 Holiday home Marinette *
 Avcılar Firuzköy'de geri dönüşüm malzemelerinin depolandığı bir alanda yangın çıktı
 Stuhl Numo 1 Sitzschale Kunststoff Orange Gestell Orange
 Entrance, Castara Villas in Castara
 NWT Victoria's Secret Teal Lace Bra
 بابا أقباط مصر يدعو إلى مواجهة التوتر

################

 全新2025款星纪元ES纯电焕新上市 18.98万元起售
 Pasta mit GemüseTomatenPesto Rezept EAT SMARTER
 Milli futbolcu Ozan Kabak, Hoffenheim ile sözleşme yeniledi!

################

Where the data above reaches the line holding "Stuhl Numo 1", begin printing, and stop after the line holding "بابا أقباط مصر يدعو إلى مواجهة التوتر". Each line must be reproduced exactly, with nothing else added.

 Stuhl Numo 1 Sitzschale Kunststoff Orange Gestell Orange
 Entrance, Castara Villas in Castara
 NWT Victoria's Secret Teal Lace Bra
 بابا أقباط مصر يدعو إلى مواجهة التوتر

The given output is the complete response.